Pelas serras algarvias ainda vai havendo quem mantenha viva a tradição da empreita, embora com um cariz maioritariamente lúdico e não tanto para comércio. É precisamente o que se verifica com Manuel António Estêvão – ou Manuel da Ribeira, como é conhecido na Corte do Peso, sítio pertencente à freguesia de Santa Catarina, concelho de Tavira.
Aos 88 anos, o senhor Manuel ainda se dedica ocasionalmente a uma atividade que aprendeu em criança – ainda que muito pela rama. “Tinha oito, dez anos. Ensinaram-me a minha mãe e a minha avó, que também já tinham aprendido em criança”, conta ao i. Na altura, lembra, “havia muita gente a fazer”, e até a uma idade bem avançada. “A mãe da minha mulher fez até quase aos 90 anos”, recorda.
“Comecei a vê-las fazer. A empreitinha é fácil mas, depois, coser a tamissa… É mais complicado. A empreitinha aprendi logo em pequeno, mas comecei a trabalhar aí a partir dos 12 anos e deixei de fazer. Depois de estar reformado é que voltei a fazer novamente, a partir dos 65, 66 anos. Quando deixei de trabalhar disse à minha mulher: ‘Vou experimentar’. Deve haver uns 20 anos que faço”, salienta, ainda com alguns detalhes frescos na memória.
Como, por exemplo, o número de peças, especialmente alcofas, que já tem oferecido a familiares, vizinhos e amigos ao longo dos anos. “Mais de 200, de certeza. A última que fiz foi este inverno”, revela, explicando utilizar tachos, panelas e outros utensílios para fazer os moldes dos sacos, alcofas ou malas. “A minha mãe e a minha avó faziam a olho e as peças não ficavam assim tão jeitosas”, graceja.
Naqueles tempos, a fazenda onde vivia a família de Manuel Estêvão – e por onde passava uma ribeira, daí a alcunha que ficou para sempre – era bastante requisitada no que a esta arte diz respeito. “As pessoas da serra não sabiam fazer e vinham encomendar à minha mãe e à minha avó. Havia aquelas gorpelhas grandes para pôr em cima dos burros, para apanhar alfarrobas, figos secos… Serviam também para semear o trigo, o adubo: punha-se um braço para enfiar no ombro, a saca cheia de trigo e adubo e vá de semear aí pelas terras. Toda a gente encomendava a elas. Mas nem era a dinheiro, era a troco de milho, batatas, coisas assim. Só nas feiras é que se vendia a dinheiro, mas era uma bagatela”, lembra.

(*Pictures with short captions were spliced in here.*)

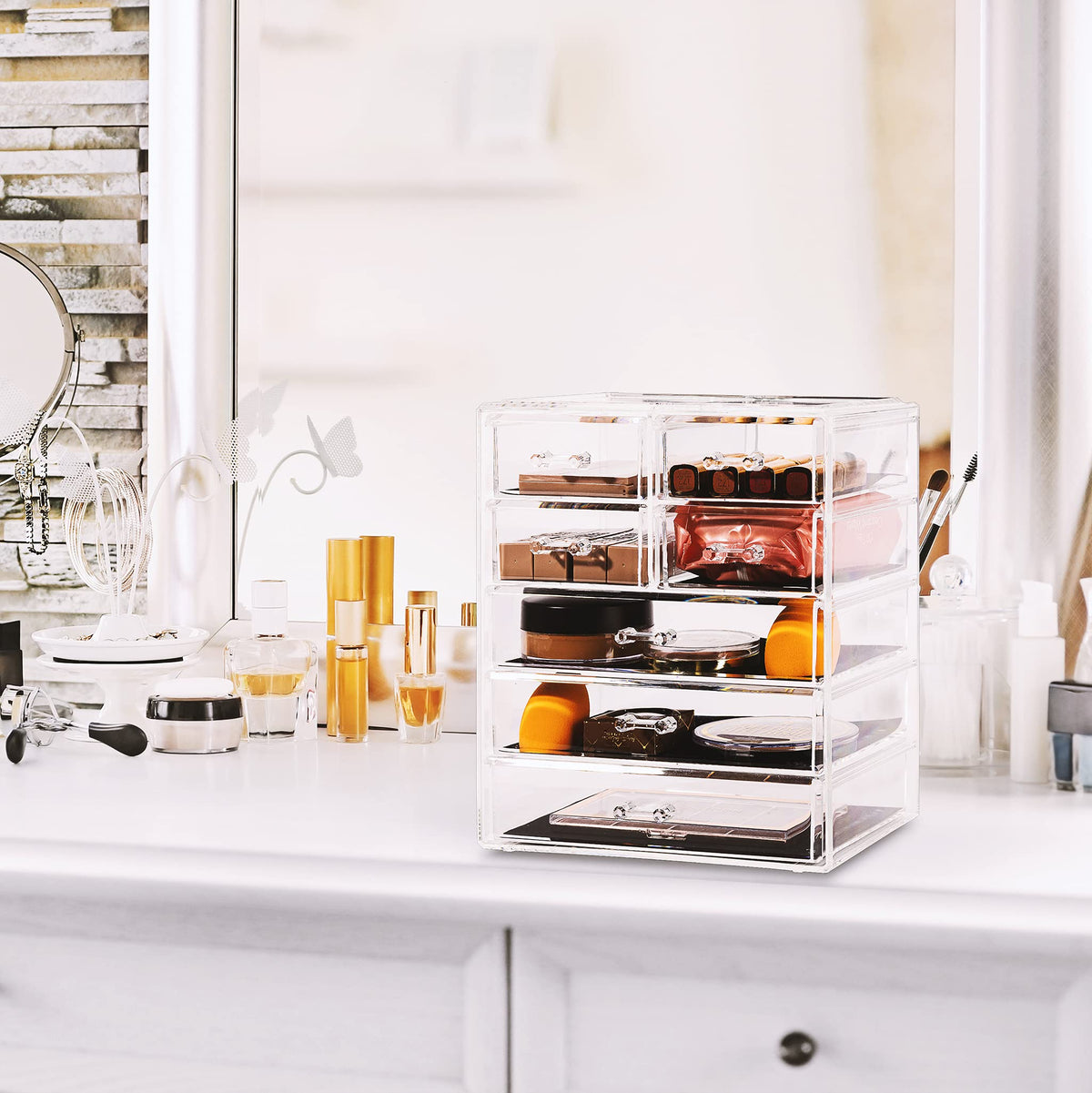 Sorbus countertop-setup fits on a vanity for compact, organized beauty tasks.
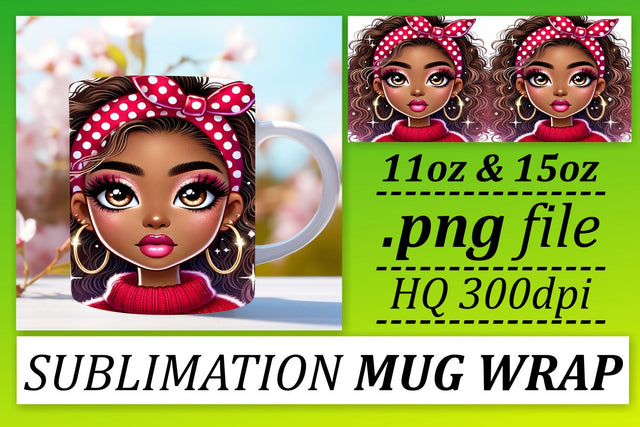 Unique designs for mug wraps, stand out in style! , Love Girl Sublimation afrosvg 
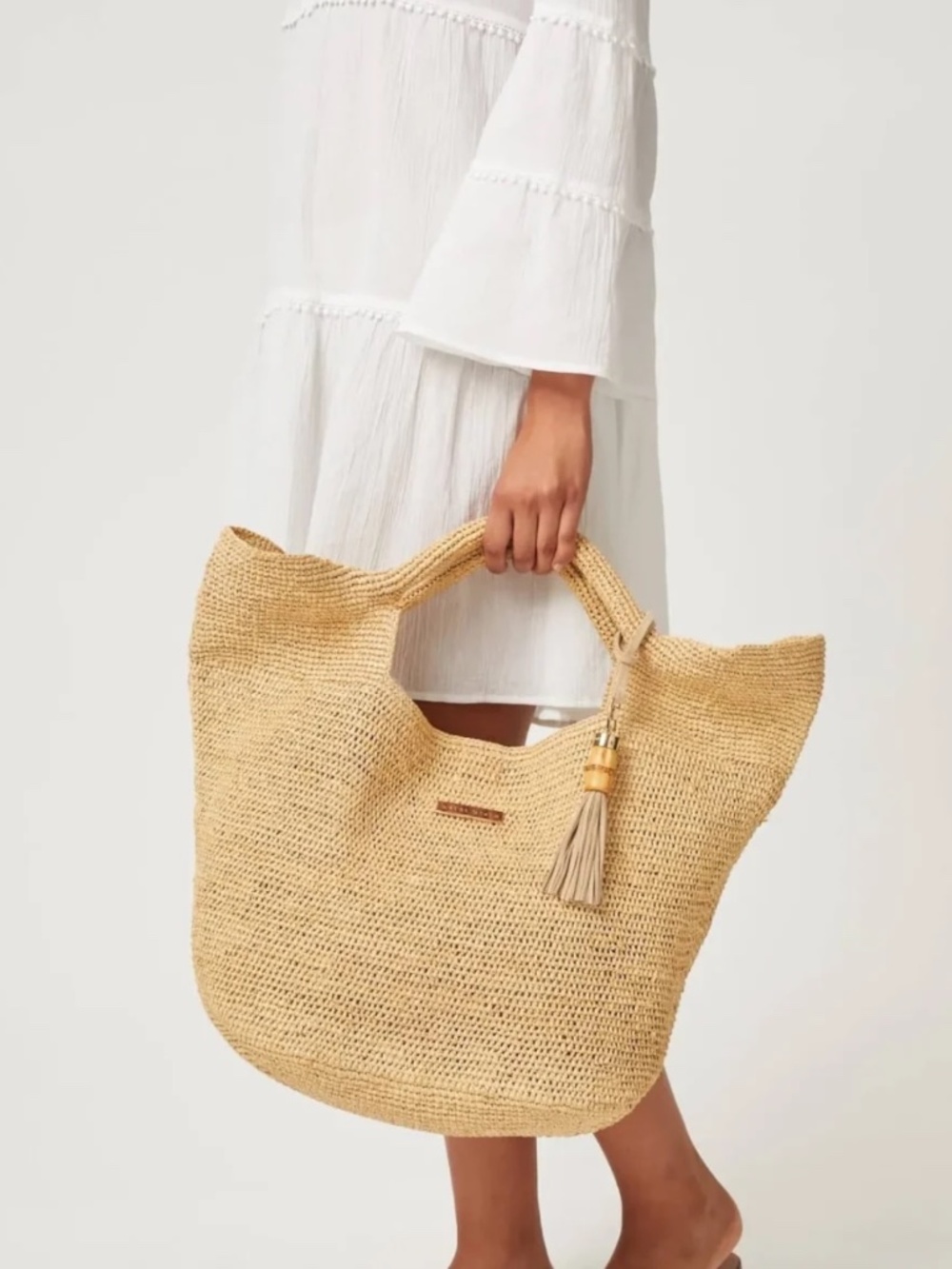 Heidi Klein Grace Medium Raffia Bucket Bag tote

QUARTA classe e um curso de topógrafo O senhor Manuel nunca fez empreita para vender. “É mesmo só para a família ou para oferecer a amigos”, garante, mostrando alguns exemplares de malas e alcofas que fez a pedido expresso da filha Célia e das netas Sandra, Ana e Mara. A prole, é preciso dizê-lo, acabou por nunca seguir os seus passos. “Elas não sabem fazer, ninguém liga a isto. Se gostava que aprendessem? Sim, gostava”, assume, contando ainda uma história curiosa a envolver uma amiga inglesa (de entre os muitos turistas, britânicos e não só, que se radicaram na zona): “Um dia veio aqui para aprender a fazer. Esteve aqui duas ou três horas mas depois aborreceu-se… e nunca mais veio”.
Manuel Estêvão, já se disse, não teve na empreita a sua atividade profissional. “Trabalhei uns 45 anos como pedreiro. Era especialista em fazer lareiras”, assevera, lembrando os primeiros anos na vida profissional: “Quando comecei a trabalhar ganhávamos 15 escudos por dia. Fui pedreiro a partir dos 16, 17 anos (já depois de, ainda como servente, apanhar bolas no Estádio do Benfica). Andei em Lisboa, três ou quatro meses cada verão, como servente. Fui umas quatro vezes. O trabalho que mais medo me meteu foi a igreja de Caselas: puxar material lá na torre, não havia máquinas, era tudo à mão…”
Houve ainda lugar a uma passagem pela tropa, em Lagos, como primeiro cabo. “E ainda estive quatro meses no forte de Elvas a guardar presos. Foi bom, porque tirei lá na tropa um curso de topografia, para ler cartas topográficas dos terrenos, que me ajudou muito também para o meu ofício, para ler as plantas das casas”, assegura, lembrando que na escola só fez “a quarta classe”. Ao mesmo tempo, “aos fins de semana e às tardes”, não faltava igualmente trabalho na agricultura. “Tomateiras, batatas, tinha sempre serviço a montes. Hoje, as pernas já não ajudam, mas no verão passado ainda fazia”, sentencia.